(Records supplied begins)

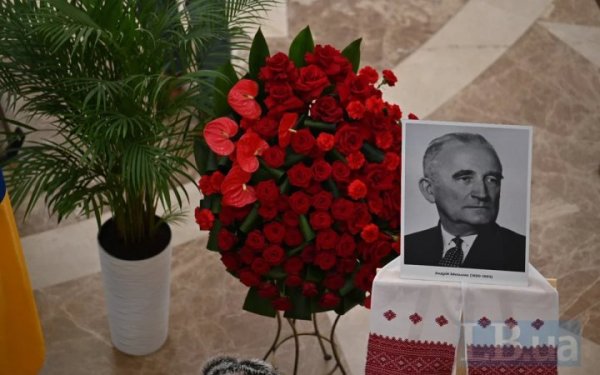УІНП: наступним, кого можуть перепоховати в Україні, буде представник вищого керівництва армії УНР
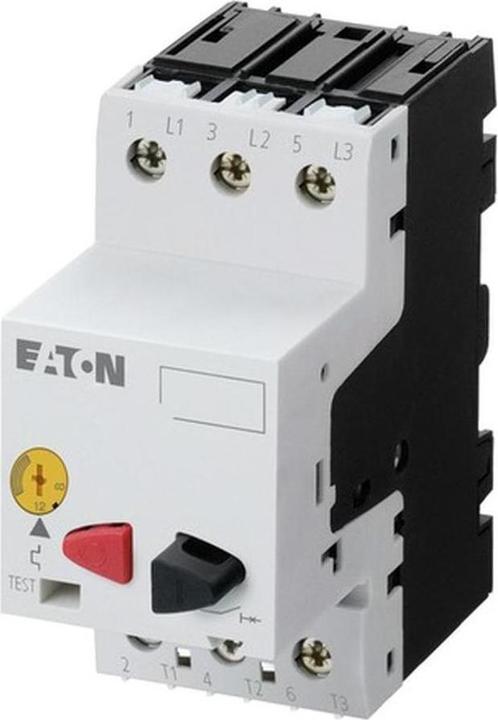 Eaton Motorschutzschalter 16A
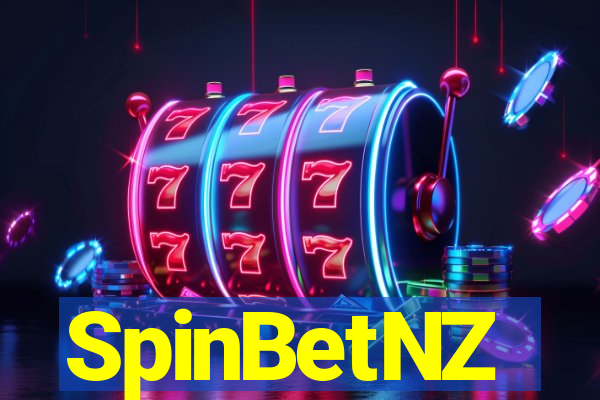 SpinBetNZ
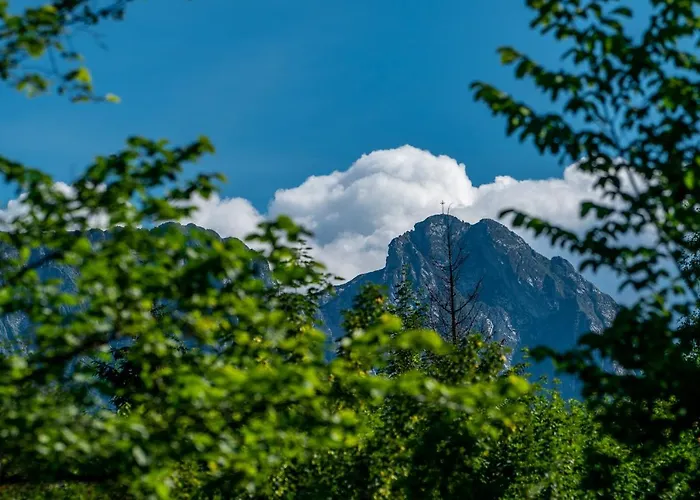 アパート Capra - Adult Only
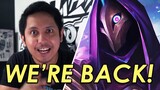 WE ARE BACK to Wild Rift! | A LoLWR Alpha to Beta Timeline Review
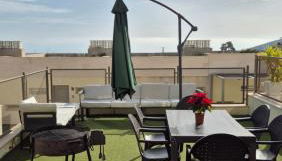 Piscina, Barbacoa Jardín privado, 160 m, vistas al mar y montaña, 7 personas, familiar, wifi, mascotas - Foto 2, Garden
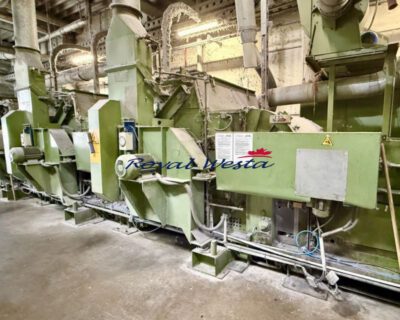 AG82190825Complete Textile Recycling Tearing LineRoyalWesta (2)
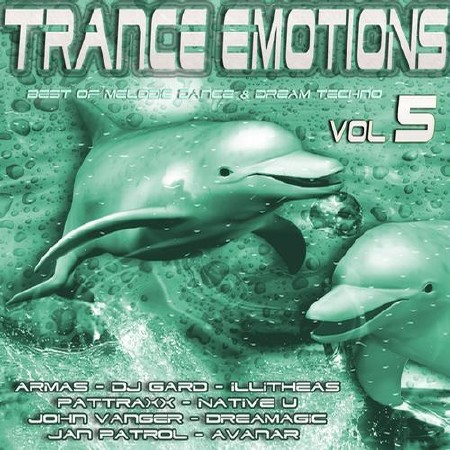  Trance Emotions Vol 5 (2013) 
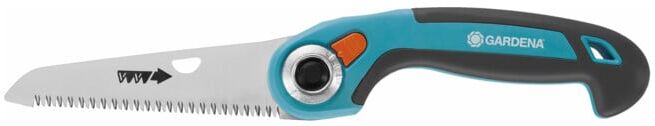 Scie de jardin pliante 135 P GARDENA (08742-20)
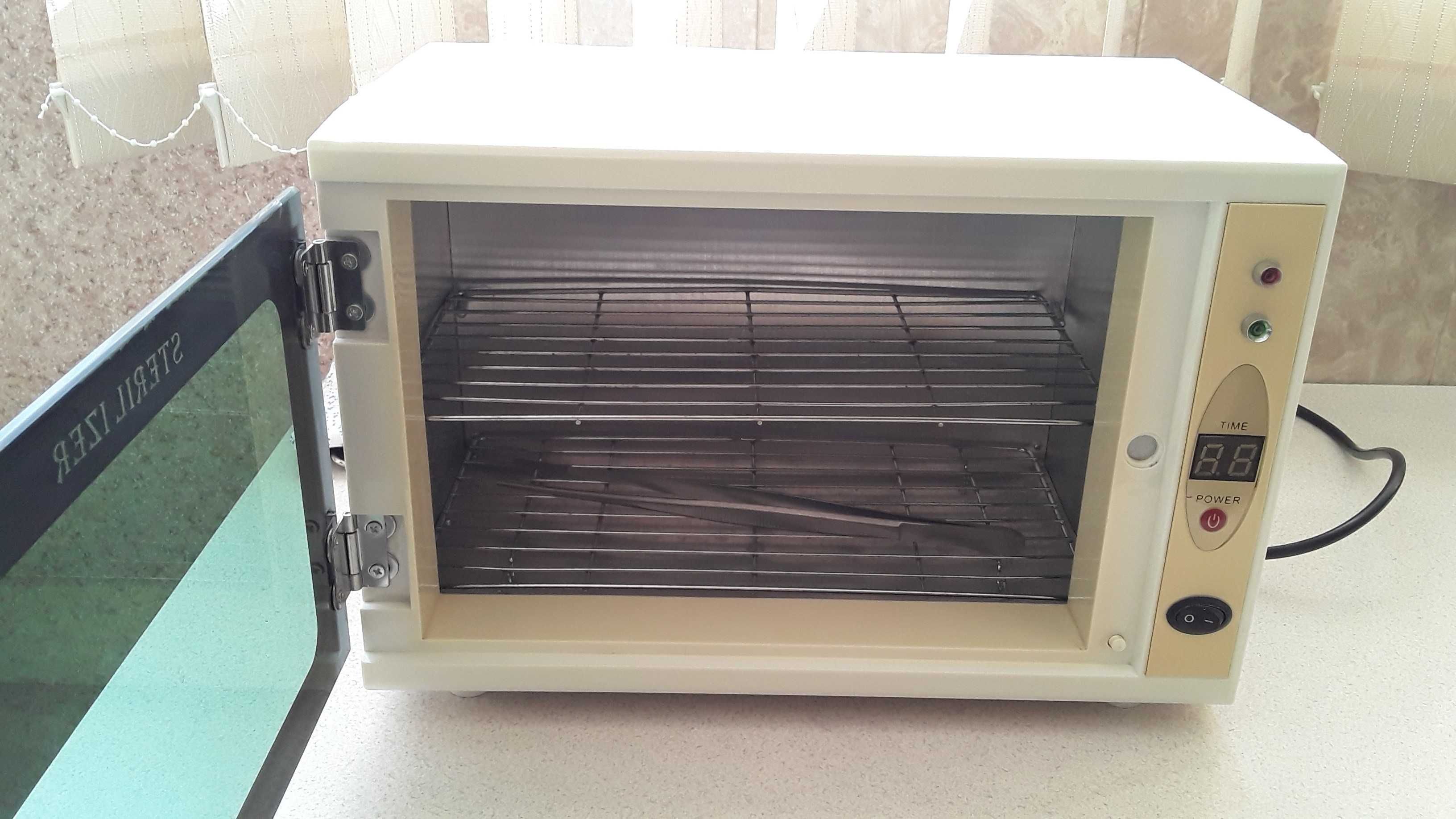 Продаю стерилизатор для инструментов Sterilizer MS-208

(Records supplied ends)

--- What you will do ---
Beginning at the line that contains "アパート Capra - Adult Only", transcribe it and every later line through the last line of the data above, exactly, and drop the pictures.

--- Result ---
 アパート Capra - Adult Only
 WE ARE BACK to Wild Rift! | A LoLWR Alpha to Beta Timeline Review
 Piscina, Barbacoa Jardín privado, 160 m, vistas al mar y montaña, 7 personas, familiar, wifi, mascotas - Foto 2, Garden
 AG82190825Complete Textile Recycling Tearing LineRoyalWesta (2)
  Trance Emotions Vol 5 (2013) 
 Scie de jardin pliante 135 P GARDENA (08742-20)
 Продаю стерилизатор для инструментов Sterilizer MS-208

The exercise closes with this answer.